13-16              9                   9/30=.3= 30%

17-20              6                   6/30=.2= 20%

21-24              1                            3.3%

25-28              2                            6.7%

29-32              5                           16.7%

33-36              5                           16.7%

37-40             2                              6.7%



Section 2.2

Histogram-Graph with bars representing the frequency in each class. Bars will touch unless there is a class with 0 as a frequency. The horizontal scale represents the classes and the vertical scale the frequencies.


I've taken the frequency distribution in the previous section and made a histogram. Please note that the class boundaries were used along the horizontal scale. The bars represent the frequencies in each one of the classes. Basically, a histogram is a graphical representation of a frequency distribution. We're just trying to find out where the data falls. We can see here that a majority of the fish are smaller, not many in the mid range, and a good number of larger fish.


Dotplot-graph of data where a dot is placed above the value it is to represent.  This graph has the same effect as the histogram as you can see where the data lies.

Fish Length (in) (Rockfish, California Halibut, and Lingcod lengths from a mercury study that a few buddies and I are conducting in Northern California)

26.50, 29.50, 24.70, 29, 29.25, 22, 14, 14, 16, 16.25, 16.25, 17, 19, 20, 13.25, 15.50, 16, 16, 16.75, 17.75, 18, 28.75, 29, 33.50, 33.50, 33.50, 34, 35, 38.50, 40

Statcrunch instructions (I highly recommend using statcrunch for this course as it will be very helpful)

Dotplot: Click the little box to the right of the data set  (in the homework and test questions) and select "Open in Statcrunch". Now that Statcrunch is open, click "Graph" and then "Dotplot".  Select the variable.  Click "Compute".

Stem and leaf plot- Graph where the data is broken up in two parts, the stem and leaf.  The stem is the left most digit or digits and the leaf would be the right most digit or digits.

Using the same fish length data:

Variable: fish lengths

Decimal point is 1 digit(s) to the right of the colon.

Leaf unit = 1

1 : 344

1 : 66666677889

2 : 02

2 : 579999

3 : 04444

3 : 59

4 : 0

Note: the decimals in the original data were ignored so 16, 16.25, and 16.75 are all represented as 1 : 6 

If you turn the stem and leaf 90 degrees you can see the resemblance to the histogram.  Longer the string of digits, the more data in that group.

Statcrunch instructions (I highly recommend using statcrunch for this course as it will be very helpful)

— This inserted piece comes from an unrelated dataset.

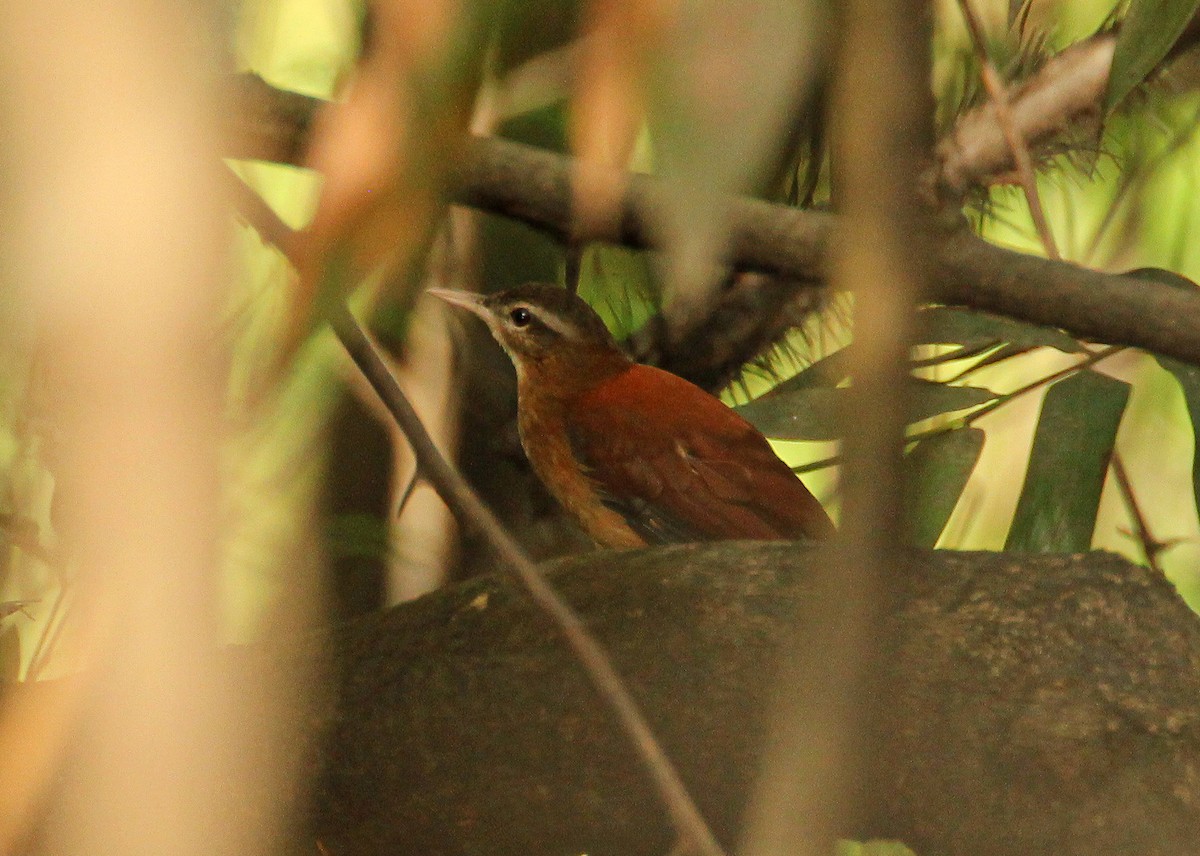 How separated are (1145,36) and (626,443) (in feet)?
3.76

Stem and Leaf Plot: Click the little box to the right of the data set  (in the homework and test questions) and select "Open in Statcrunch". Now that Statcrunch is open, click "Graph" and then "Stem and Leaf".  Select the variable.  Click "Compute".

 

Many of the problems in this section will ask if the data is approximately normally distributed.  What we are referring to is the shape of the data...does it resemble the below shape?

Normal curve

If we can put a normal curve over the histogram/dotplot/stem and leaf and it looks to have roughly the same shape, then it would be considered approximately normally distributed as we see below. 

2.4 #6

Construct a Scatterplot.

Bear chest size   Bear Weight

26                                   80

45                                 344

54                                 416

49                                 348

35                                166

41                                220

41                                262

Statcrunch instructions (I highly recommend using statcrunch for this course as it will be very helpful)

Scatter plot: Click the little box to the right of the data set (in the homework and test questions) and select "Open in Statcrunch". Now that Statcrunch is open, click "Graph" and then "Scatter Plot".  Select the two variables for the X variable and Y variable.  Click "Compute".